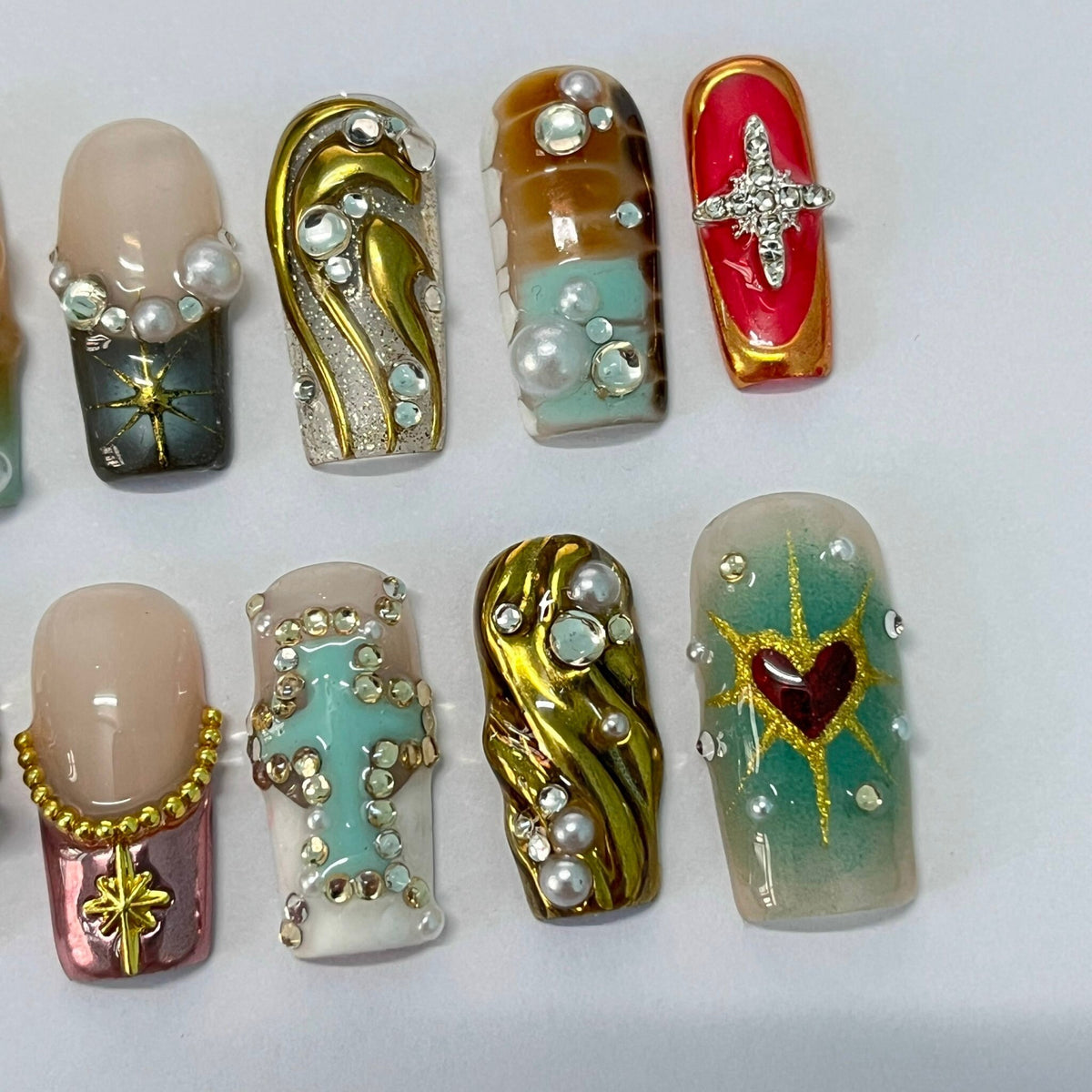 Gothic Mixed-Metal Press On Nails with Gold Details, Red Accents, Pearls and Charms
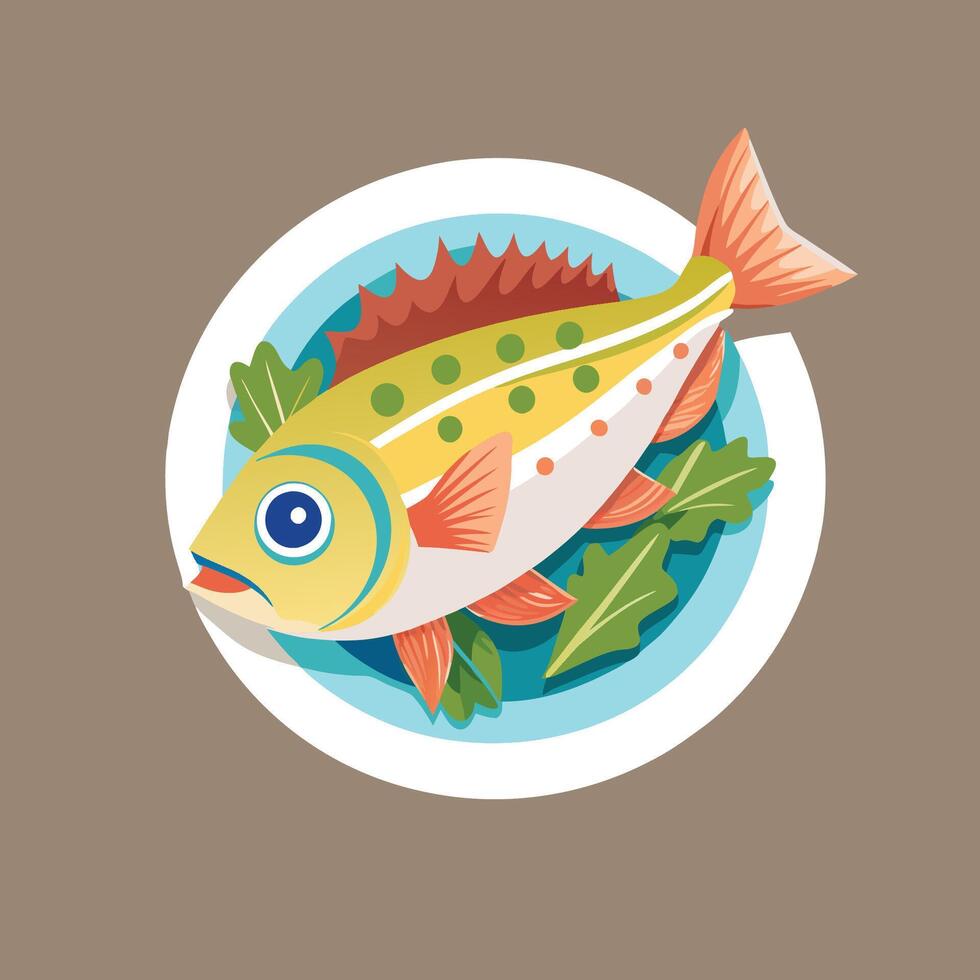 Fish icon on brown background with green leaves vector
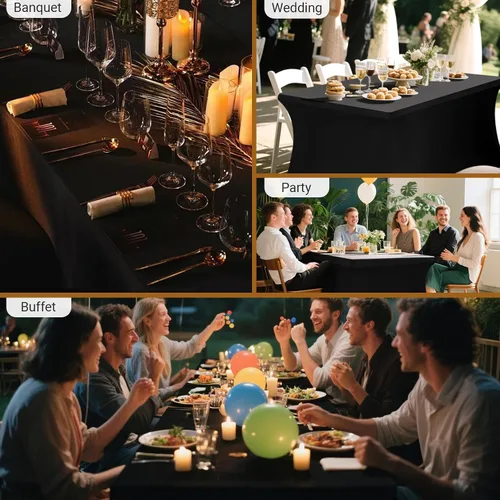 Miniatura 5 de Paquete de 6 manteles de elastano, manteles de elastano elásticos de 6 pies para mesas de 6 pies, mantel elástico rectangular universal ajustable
.....
> TASK TO COMPLETE:
Reproduce the data above word for word and omit the images.

> OUTPUT:
 Gothic Mixed-Metal Press On Nails with Gold Details, Red Accents, Pearls and Charms
 Fish icon on brown background with green leaves vector
 Miniatura 5 de Paquete de 6 manteles de elastano, manteles de elastano elásticos de 6 pies para mesas de 6 pies, mantel elástico rectangular universal ajustable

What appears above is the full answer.